··· Information supplied ···

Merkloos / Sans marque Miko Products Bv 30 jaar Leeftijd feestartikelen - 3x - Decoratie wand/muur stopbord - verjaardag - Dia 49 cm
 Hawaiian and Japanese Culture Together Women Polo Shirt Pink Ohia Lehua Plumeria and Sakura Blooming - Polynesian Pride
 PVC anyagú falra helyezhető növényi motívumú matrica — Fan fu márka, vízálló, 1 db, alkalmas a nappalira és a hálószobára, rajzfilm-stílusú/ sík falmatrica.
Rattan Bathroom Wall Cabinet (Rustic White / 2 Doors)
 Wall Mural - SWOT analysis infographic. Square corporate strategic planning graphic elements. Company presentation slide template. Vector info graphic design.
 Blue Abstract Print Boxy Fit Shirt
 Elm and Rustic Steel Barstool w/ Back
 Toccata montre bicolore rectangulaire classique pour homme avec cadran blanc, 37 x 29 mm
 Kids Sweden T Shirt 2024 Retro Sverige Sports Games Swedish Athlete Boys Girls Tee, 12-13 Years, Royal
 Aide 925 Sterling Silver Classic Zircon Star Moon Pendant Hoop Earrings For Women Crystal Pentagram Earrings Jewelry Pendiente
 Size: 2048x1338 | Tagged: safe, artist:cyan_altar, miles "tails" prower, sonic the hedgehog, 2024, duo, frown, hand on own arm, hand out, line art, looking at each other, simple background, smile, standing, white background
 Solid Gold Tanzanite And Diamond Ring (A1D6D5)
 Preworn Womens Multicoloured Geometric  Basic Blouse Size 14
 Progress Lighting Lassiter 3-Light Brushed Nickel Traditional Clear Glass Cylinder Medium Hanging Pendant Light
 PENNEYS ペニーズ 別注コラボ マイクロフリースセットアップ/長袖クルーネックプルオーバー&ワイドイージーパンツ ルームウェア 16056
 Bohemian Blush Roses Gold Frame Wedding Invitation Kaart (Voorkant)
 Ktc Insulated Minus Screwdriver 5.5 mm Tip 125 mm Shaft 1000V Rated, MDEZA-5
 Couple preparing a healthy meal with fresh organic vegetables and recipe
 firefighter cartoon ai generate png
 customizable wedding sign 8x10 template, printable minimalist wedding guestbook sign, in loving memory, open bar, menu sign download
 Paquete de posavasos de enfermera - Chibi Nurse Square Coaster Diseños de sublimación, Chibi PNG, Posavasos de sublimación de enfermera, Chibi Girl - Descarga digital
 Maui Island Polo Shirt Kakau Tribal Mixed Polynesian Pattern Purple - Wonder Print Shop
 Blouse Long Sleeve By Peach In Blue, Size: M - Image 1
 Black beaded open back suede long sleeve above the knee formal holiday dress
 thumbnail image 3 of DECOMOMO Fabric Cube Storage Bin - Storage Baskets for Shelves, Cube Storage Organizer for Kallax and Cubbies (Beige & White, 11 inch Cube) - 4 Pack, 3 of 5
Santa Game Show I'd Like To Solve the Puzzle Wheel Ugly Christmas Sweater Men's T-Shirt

···

### What needs to be done
Working from the entries above, find every line in which the word "Size" occurs and copy it.

### Your response
 Size: 2048x1338 | Tagged: safe, artist:cyan_altar, miles "tails" prower, sonic the hedgehog, 2024, duo, frown, hand on own arm, hand out, line art, looking at each other, simple background, smile, standing, white background
 Preworn Womens Multicoloured Geometric  Basic Blouse Size 14
 Blouse Long Sleeve By Peach In Blue, Size: M - Image 1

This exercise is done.